*Data below*.
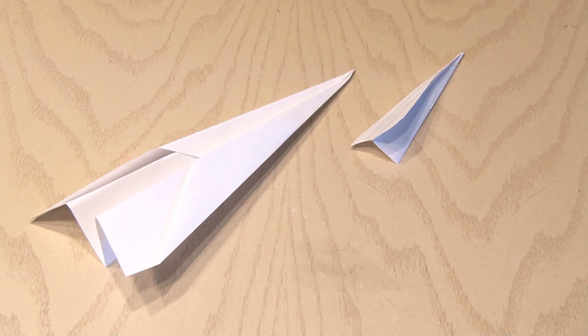Paper airplanes are fun to make and throw, but today we're going to make a fun gun that'll shoot them for you.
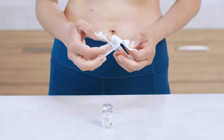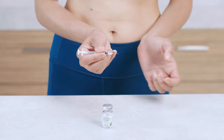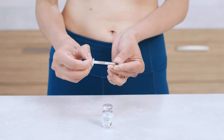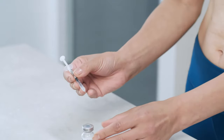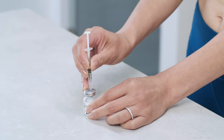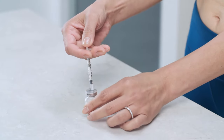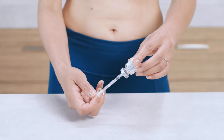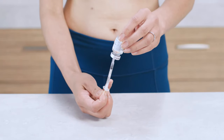Next, unwrap the syringe and remove the needle cap. Draw air into the syringe by pulling back the plunger to the unit mark that matches your dose. For example, if your doctor prescribed 40 units, draw back to the 40 on the syringe. Place the vial on a flat surface and insert the needle through the rubber stopper and into the vial. Gently press the plunger all the way in, which pushes the air into the vial and makes it easier to withdraw. Then, without removing the needle, turn the vial upside down.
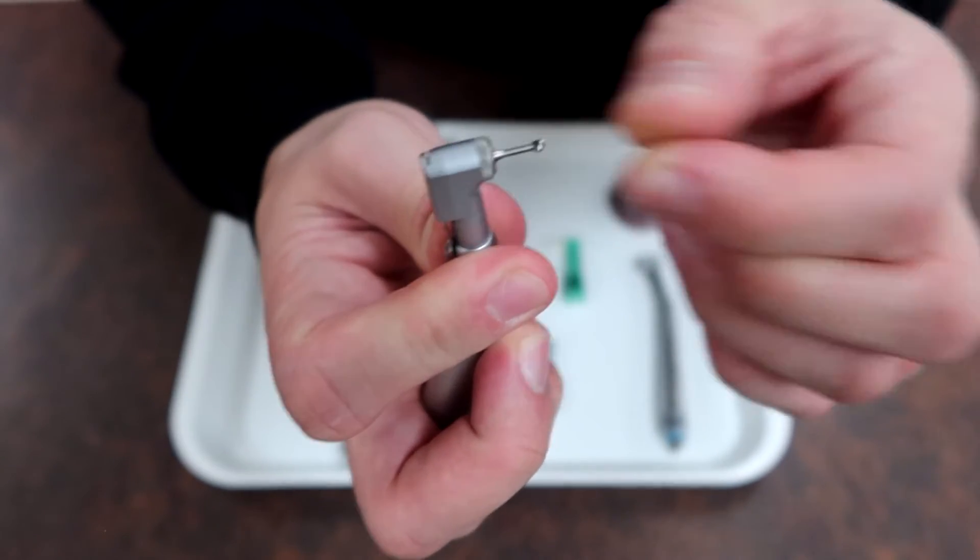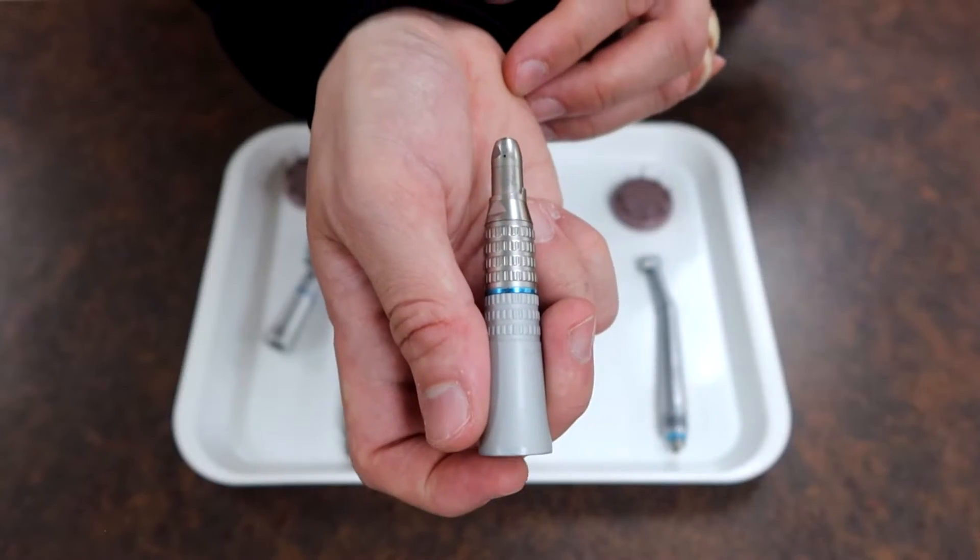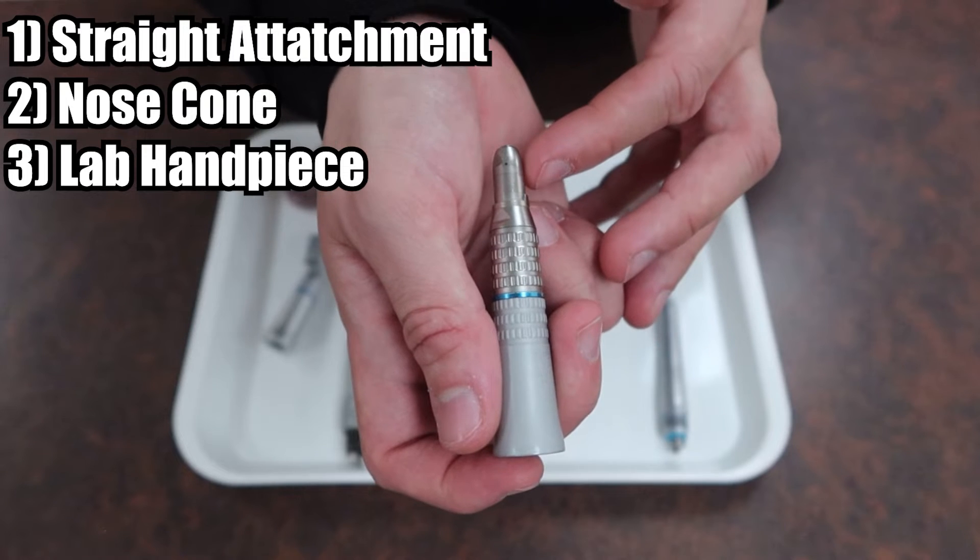Once the bur drops into place, take your latch and lock it down, making it so you can't pull the bur out without unlatching it first.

*Directions for this task*.
All that belongs in the answer is the exact run of lines from the line containing "Next, unwrap the" to the end of the listing above, pictures removed.

*Response*.
Next, unwrap the syringe and remove the needle cap. Draw air into the syringe by pulling back the plunger to the unit mark that matches your dose. For example, if your doctor prescribed 40 units, draw back to the 40 on the syringe. Place the vial on a flat surface and insert the needle through the rubber stopper and into the vial. Gently press the plunger all the way in, which pushes the air into the vial and makes it easier to withdraw. Then, without removing the needle, turn the vial upside down.
Once the bur drops into place, take your latch and lock it down, making it so you can't pull the bur out without unlatching it first.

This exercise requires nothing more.